When we talk about ports what are we really talking about? A port at the O.S. (Operating System) level is just a “file descriptor” associated with a process. A file descriptor is just a number which is used to reference an open I/O channel, like stdout (standard output), a network socket or a file.

When the OS receives a TCP/IP packet it looks at the destination port & tries to find a process which is listening on this port.
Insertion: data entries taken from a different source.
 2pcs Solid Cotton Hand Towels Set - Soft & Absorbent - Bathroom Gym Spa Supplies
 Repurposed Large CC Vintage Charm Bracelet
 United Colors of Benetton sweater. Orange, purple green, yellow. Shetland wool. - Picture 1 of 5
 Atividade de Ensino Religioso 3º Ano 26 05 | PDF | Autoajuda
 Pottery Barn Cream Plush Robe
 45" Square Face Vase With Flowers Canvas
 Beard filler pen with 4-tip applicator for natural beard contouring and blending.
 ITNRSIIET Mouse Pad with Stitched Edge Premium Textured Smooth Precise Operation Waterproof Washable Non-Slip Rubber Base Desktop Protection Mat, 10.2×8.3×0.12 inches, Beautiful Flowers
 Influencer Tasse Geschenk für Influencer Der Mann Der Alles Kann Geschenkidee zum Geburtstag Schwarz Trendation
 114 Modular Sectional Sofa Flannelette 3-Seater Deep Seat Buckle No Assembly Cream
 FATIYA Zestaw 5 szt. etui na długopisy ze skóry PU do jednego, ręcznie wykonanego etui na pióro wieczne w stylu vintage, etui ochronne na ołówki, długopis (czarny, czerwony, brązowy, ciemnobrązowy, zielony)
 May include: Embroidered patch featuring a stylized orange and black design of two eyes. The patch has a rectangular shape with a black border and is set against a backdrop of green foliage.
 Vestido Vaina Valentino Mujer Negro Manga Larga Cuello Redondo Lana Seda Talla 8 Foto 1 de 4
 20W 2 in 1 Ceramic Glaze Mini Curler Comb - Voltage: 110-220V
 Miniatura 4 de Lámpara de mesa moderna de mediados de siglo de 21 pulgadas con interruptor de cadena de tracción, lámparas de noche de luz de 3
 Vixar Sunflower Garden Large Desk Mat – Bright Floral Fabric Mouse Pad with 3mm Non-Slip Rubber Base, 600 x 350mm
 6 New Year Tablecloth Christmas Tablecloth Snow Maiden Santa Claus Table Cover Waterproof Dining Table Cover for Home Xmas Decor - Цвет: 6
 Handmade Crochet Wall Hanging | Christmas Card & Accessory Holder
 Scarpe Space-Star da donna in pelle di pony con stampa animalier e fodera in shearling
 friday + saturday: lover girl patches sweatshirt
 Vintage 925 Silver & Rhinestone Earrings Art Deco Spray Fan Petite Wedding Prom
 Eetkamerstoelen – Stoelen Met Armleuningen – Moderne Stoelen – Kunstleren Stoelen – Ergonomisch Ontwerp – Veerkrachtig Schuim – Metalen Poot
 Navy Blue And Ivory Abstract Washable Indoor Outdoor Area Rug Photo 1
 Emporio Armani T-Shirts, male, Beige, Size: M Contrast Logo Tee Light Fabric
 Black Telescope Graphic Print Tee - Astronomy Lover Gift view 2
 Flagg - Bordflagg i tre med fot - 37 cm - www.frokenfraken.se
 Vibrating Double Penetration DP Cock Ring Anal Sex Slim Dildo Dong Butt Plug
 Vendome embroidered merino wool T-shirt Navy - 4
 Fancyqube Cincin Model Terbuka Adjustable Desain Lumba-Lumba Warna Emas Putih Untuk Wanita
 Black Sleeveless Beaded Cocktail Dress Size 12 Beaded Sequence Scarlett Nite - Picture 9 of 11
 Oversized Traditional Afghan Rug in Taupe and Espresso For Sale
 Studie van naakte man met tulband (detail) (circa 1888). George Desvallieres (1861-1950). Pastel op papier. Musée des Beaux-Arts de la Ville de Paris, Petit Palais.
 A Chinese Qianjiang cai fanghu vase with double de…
Then if there is a listening process the packet is delivered to it.

There are 65.535 ports available in total, but in practice not all of them are used regularly.

If you don't use nmap or other software and need to verify if some port in your server is listening, you can use Ruby for that job!

Feel free to fork, change, modify and re-use this files.

About Port Scanner in Ruby

This repository has two files:

  • tcpsocket_scanner.rb
  • socket_scanner.rb

You can use either file depending on your need.

TCPSocket Scanner

The tcpsocket_scanner.rb open a new TCP connection using TCPSocket & then rely on the fact that a rejected connection will raise the Errno::ECONNREFUSED exception. One limitation with this code is that a non-responding port will make you wait for about 20 seconds until the connection times out.You can only scan one port at a time.

You can use tcpsocket_scanner.rb file passing port and server address as command line arguments:

$ ruby tcpsocket_scanner.rb 22 example.com

This command line above will check if server under example.com is listening port 22.

Socket Scanner

The socket_scanner.rb is more robust. It use a combination of connect_nonblock, IO.select & Socket (instead of TCPSocket, which initiates a connection as soon as you create the object). The IO.select call will wait until the socket is ready to receive data (which means it’s open) or until TIMEOUT time has passed, after which we can assume that the port is either closed or ignoring connection requests.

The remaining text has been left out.